**PROBLEM:**
Print the data exactly as written, but leave out each picture.

**DATA SEGMENT:**
==================================================
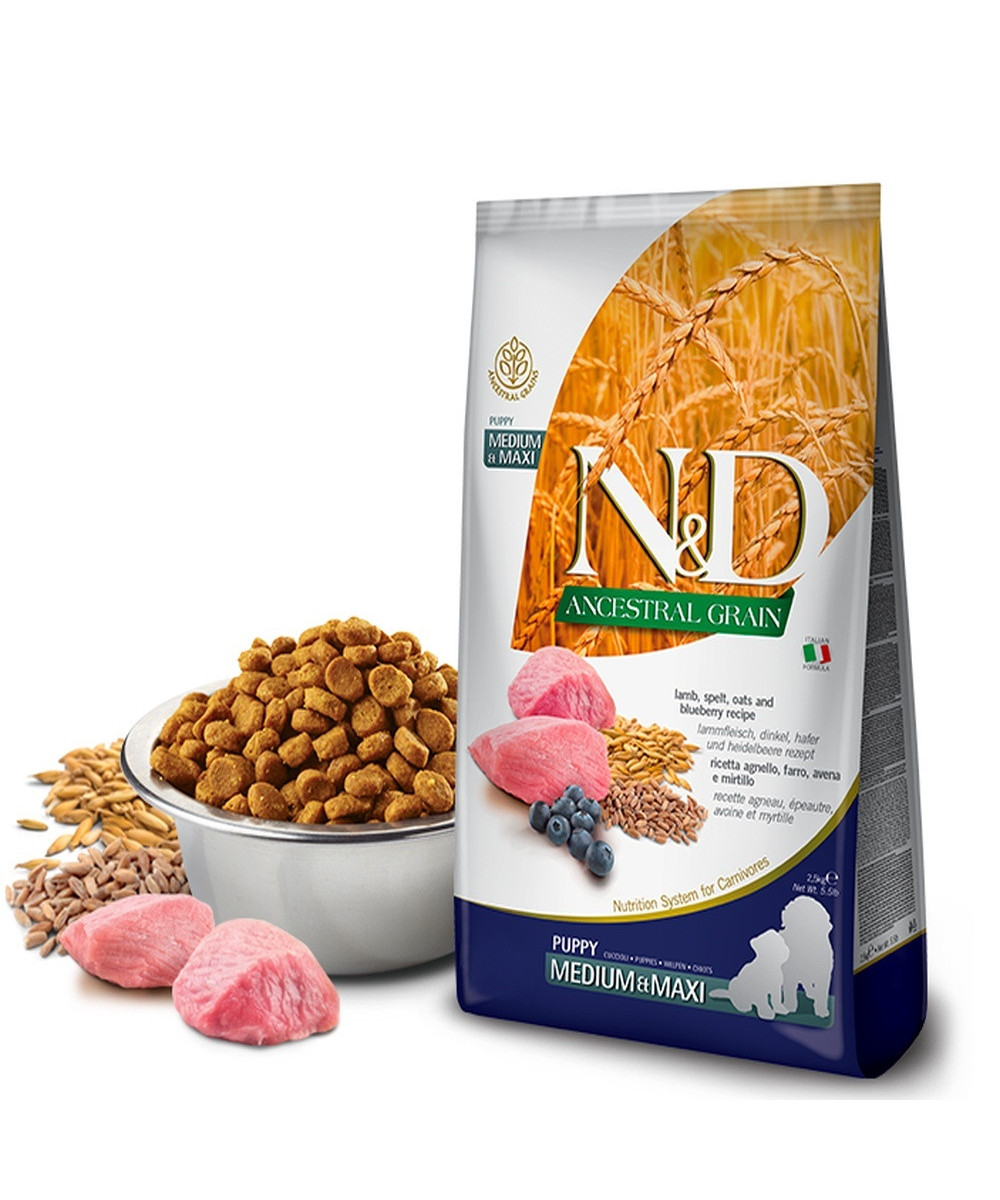 FARMINA ND PERRO PUPPY ANCESTRAL GRAIN MED MAXI CORDERO 12KG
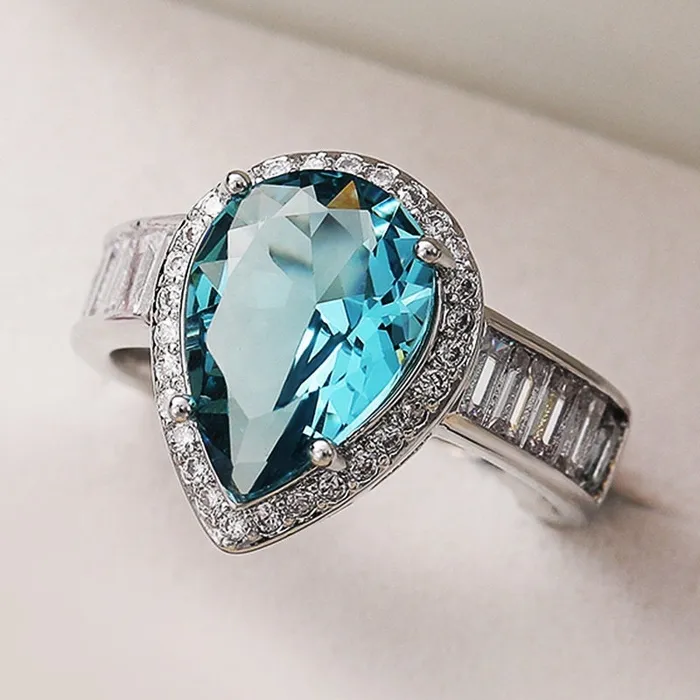 Minx London Rings Aquamarine Diamond Ring Pear Shape Ring Blue Diamond Ring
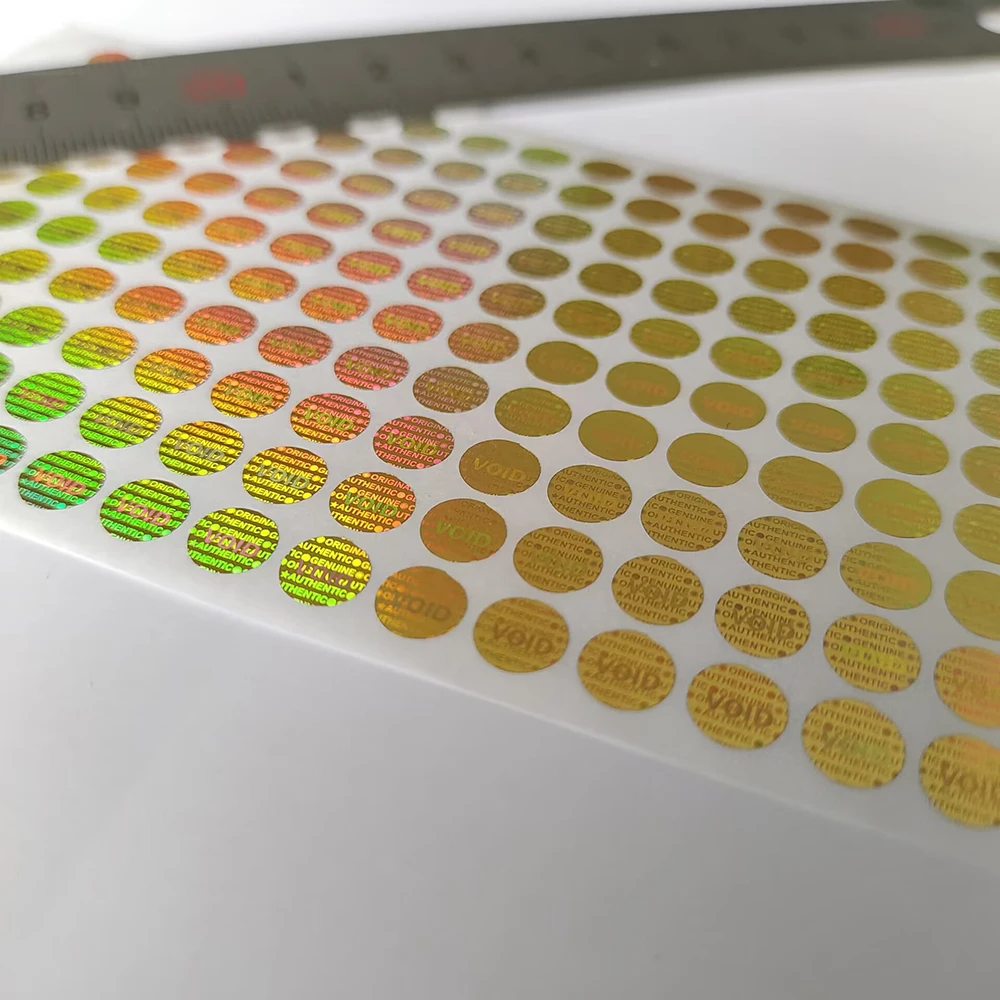 Imagem -03 - Holograma Garantia Etiqueta Vazio Etiqueta Buraco Parafuso Selo de Segurança Esquerda se Removido ou Adulterado com Honeycomb Cor do Ouro mm 10000 Pcs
==================================================
**YOUR RESPONSE:**
 FARMINA ND PERRO PUPPY ANCESTRAL GRAIN MED MAXI CORDERO 12KG
 Minx London Rings Aquamarine Diamond Ring Pear Shape Ring Blue Diamond Ring
 Imagem -03 - Holograma Garantia Etiqueta Vazio Etiqueta Buraco Parafuso Selo de Segurança Esquerda se Removido ou Adulterado com Honeycomb Cor do Ouro mm 10000 Pcs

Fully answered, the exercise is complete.